A few minutes of googling yielded these approaches and ideas about how to bring the world together as one:
Politics, policies, and governments
Socialism and Communism (combining the previous two ideas)
Be liberal; be conservative (blue flag, red flag)
Denounce people on your side who attack the other side and refuse to vote for them
“Get some decent, eloquent, positive candidates who believe the US can be a lot, lot better than Trump, the Christian Evangelical Nationalists, Fox TV and Steve Bannon.”
Stop being greedy
Pledge to stop hating others
Dialog and conversation
Hold corporate media accountable for the problems they create and the way the perpetuate career politicians
Avoid social media
Visit India and do what they do
Getting attacked by an outside enemy unifies those who are attacked
Conversely, find a set of people, label them as enemies, rally everyone to your cause of wiping the world of this plague. People have been using this since the beginning of time
Exclude the importance of race, religion, and ethnicity
Equal rights and treatment
Stop glorifying the virtue of diversity
Calls for justice
Segregation (keep different people apart)

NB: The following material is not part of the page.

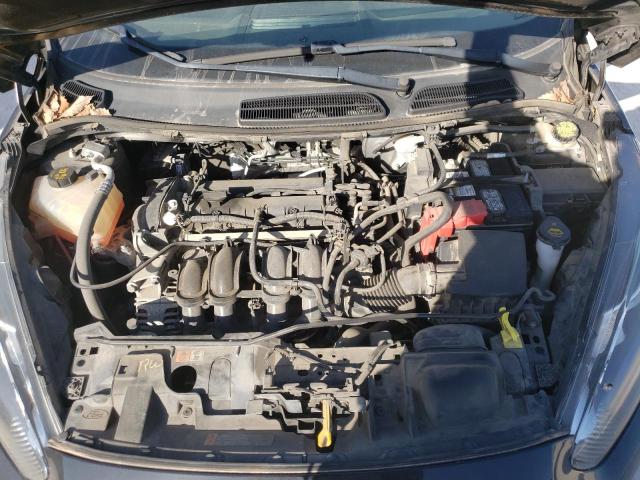 Photo 7 from auction – 2017 FORD FIESTA SE with VIN 3FADP4EJ4HM123286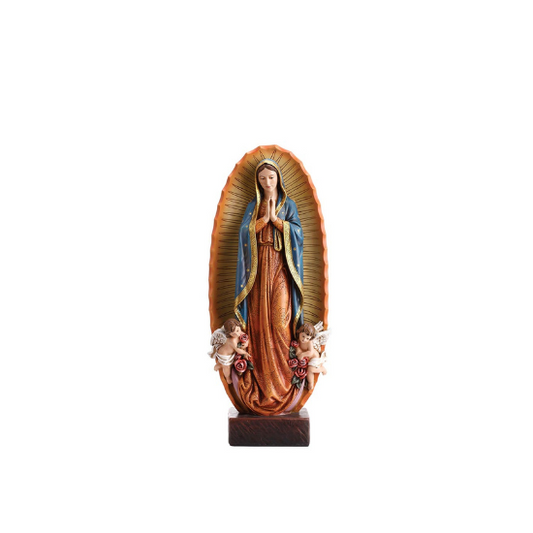 10 Creative Ideas for Using Catholic Statues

Stop stirring the pot, picking the wound
Have young people devote a year to national service
Positive interdependence (make people mutually dependent on each other)
Become “Moonies” (Unification church)
Global Synchronized Events that inspire community-driven action campaigns for World Peace.
Etc., Etc., Etc.
These ideas vary in merit, of course, and my purpose here is not to evaluate them. Rather, it is to make us aware that people are advocating many approaches ostensibly for the purpose of bringing us together. If we are not aware and alert, we may well find ourselves devoting considerable energy to one or more of these that make sense to us. It is not my place to tell you how to spend your spare time. But I do think I am solid ground when I say that Christians must listen to God and cooperate with God’s purpose in the world, which includes not only reconciling everyone to himself and to each other but also to accomplish this through Christ. Christ is God’s way of reconciling the world.
Some of the ideas in the list above may not contradict Christ, and some of them definitely do. Regardless, however, it seems to me that if we believe what God tells us in Scripture, we will give our best energy, efforts, and time to addressing God’s purpose in the world in the way that He Himself has designed for that to happen—through Christ. Christ is God’s plan not only for reconciling the world to himself but also to each other.